** Opening PROVIDED RECORDS block **
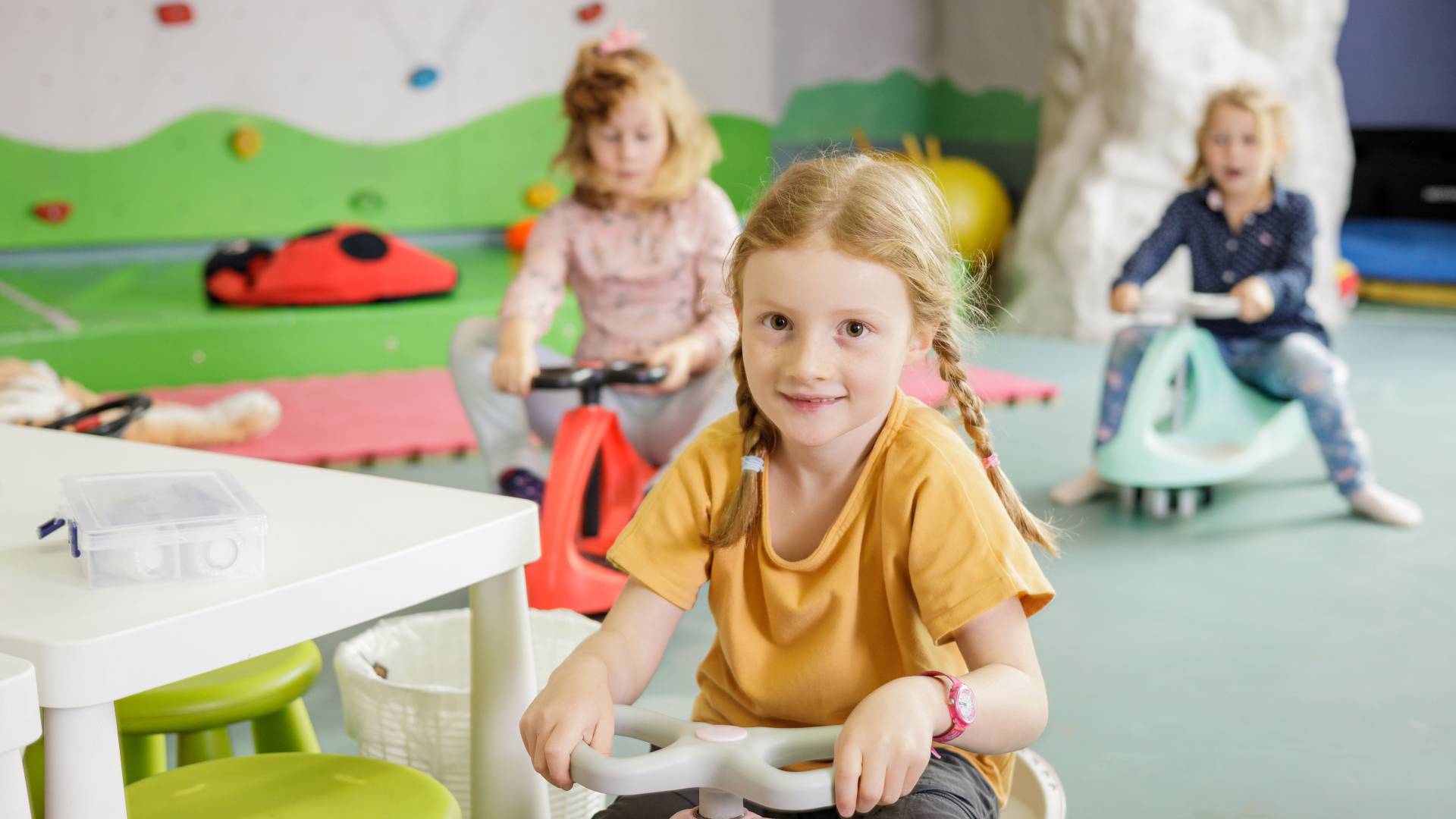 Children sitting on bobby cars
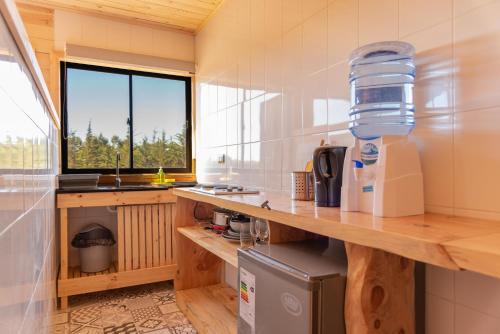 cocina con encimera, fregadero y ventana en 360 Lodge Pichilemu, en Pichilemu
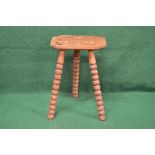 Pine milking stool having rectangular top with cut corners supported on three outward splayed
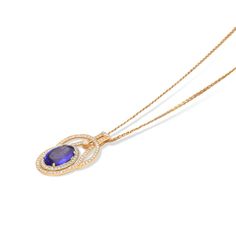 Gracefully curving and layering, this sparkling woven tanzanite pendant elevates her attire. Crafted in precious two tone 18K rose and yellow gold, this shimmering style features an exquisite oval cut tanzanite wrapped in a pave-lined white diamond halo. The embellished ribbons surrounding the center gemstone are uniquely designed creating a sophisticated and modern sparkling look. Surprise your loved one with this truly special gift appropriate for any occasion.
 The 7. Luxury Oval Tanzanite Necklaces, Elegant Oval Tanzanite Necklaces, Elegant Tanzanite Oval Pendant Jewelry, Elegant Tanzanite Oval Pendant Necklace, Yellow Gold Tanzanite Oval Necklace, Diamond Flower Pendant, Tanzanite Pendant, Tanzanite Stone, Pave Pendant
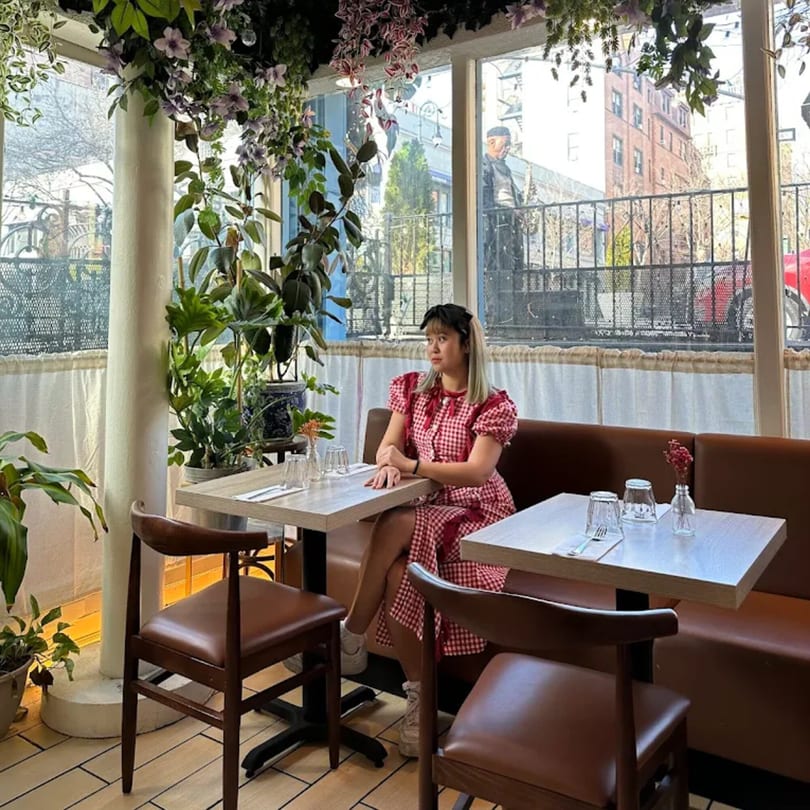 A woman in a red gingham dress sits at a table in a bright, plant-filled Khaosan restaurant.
** Closing PROVIDED RECORDS block **
** Opening PROVIDED RECORDS block **
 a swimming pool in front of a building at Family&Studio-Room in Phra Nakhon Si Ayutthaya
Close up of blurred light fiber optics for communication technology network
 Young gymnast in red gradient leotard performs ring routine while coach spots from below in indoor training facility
** Closing PROVIDED RECORDS block **
ABOUT THIS TASK
Skipping every picture, transcribe exactly the lines above from the one containing "Children sitting on bobby cars" through the one containing "Pine milking stool", both included.

SOLUTION TO THIS PROBLEM
 Children sitting on bobby cars
 cocina con encimera, fregadero y ventana en 360 Lodge Pichilemu, en Pichilemu
 Pine milking stool having rectangular top with cut corners supported on three outward splayed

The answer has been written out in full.